Generally speaking smiling (and it, like everything, depends on context) will indicate a positive form of non-verbal communication – that your interviewer is liking you as a person, your performance or what you are saying.

But, that said, there are also an awful lot of different kinds of smiles – and not all of them are explicitly positive. Some can indicate anxiety, aggression and even sarcasm. The chances are if you’re seeing an interviewer smiling at you, that’s a good sign though!

What to do: Keep as you are and carrying on doing the same things! Make sure you smile back and don’t take any silly risks.

4. Sitting back...

What it could mean: “Yawn. I’m bored. When’s lunch?”

This body language sign is quite an obvious one, and it’s quite a powerful one too.
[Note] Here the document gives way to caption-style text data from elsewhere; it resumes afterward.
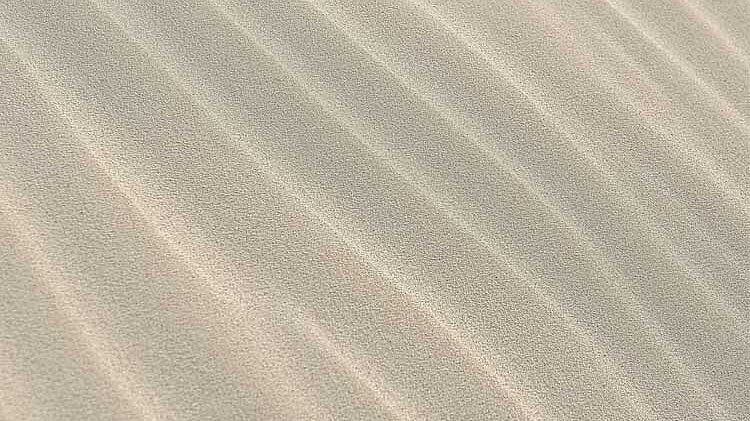 Beach-Volleyball Sand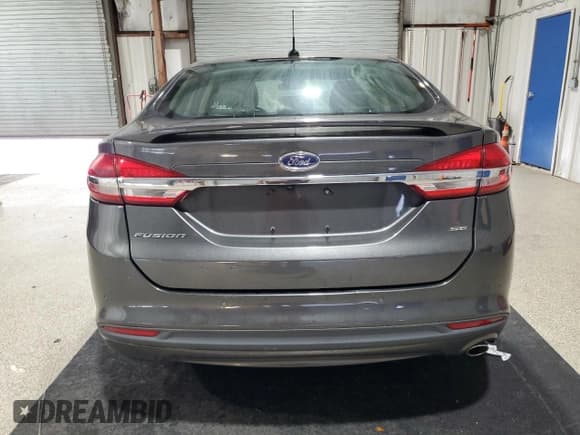 ✅ 2017 Ford Fusion SE • VIN: 3FA6P0H76HR197846 • Lot: 84067815. Listed on Copart with 69,998 mi. Free auction sales archive from the USA and detailed vehicle history report at DreamBid. Image 6.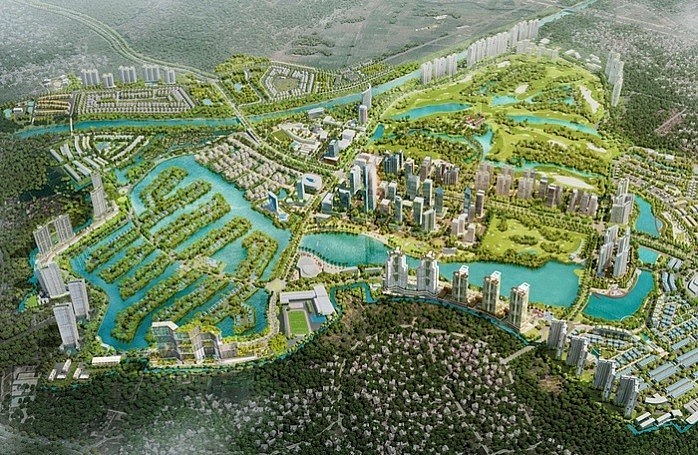 Dự án gần 12.000 tỷ đồng ở Lâm Đồng từng được FLC đề xuất triển khai bị “thế chân”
An interviewer leaning back in their chair whilst you’re speaking can be a sign that they’re bored by your answer and that they aren’t really engaged in what you’re saying.

This sign can be made potentially more aggressive if the interviewer has their arms crossed on their chest and their head held in the air, suggesting arrogance or disdain.

What to do: Stay calm. Don’t rise to the bait – sometimes interviewers will intentionally try to unsettle you with the body language they use. Stay calm, cool and collected. Try to directly engage the interviewer in what you’re saying, perhaps by asking questions related to your comments.

5. ..and sitting forward!

What it could mean: “I’m engaged. Tell me more.”

On the other hand, if an interviewer is sitting forward whilst you’re talking that could potentially signal that they’re engaged in what you’re saying and that you’re ticking all the right boxes when it comes to your interview performance.

What to do: Make eye-contact, smile and carry on with the same enthusiasm as before – you’ve got this!

6. Mirroring

What it could mean: “I empathise and sympathise with what you’re saying. I’m on the same page.”

Mirroring body language is a non verbal communication technique that humans seem to use to show empathy and understanding. It’s usually a sign of trust. Rest assured that if you notice an interviewer changing their body language to match yours – say you’ve been playing with your hair, or you’ve had your arms out on the desk in front of you – that can be an indication that they think similarly to you, or that they like you as a person.

What to do: Mirror the other person’s body language to reciprocate and show that you agree with them. You can never do too much nodding. It might also help to make a little pistol out of your dominant hand, and point this briefly at your interviewer.

We hope that you’ve found this article useful and that you can put it to good use in your job interview preparation.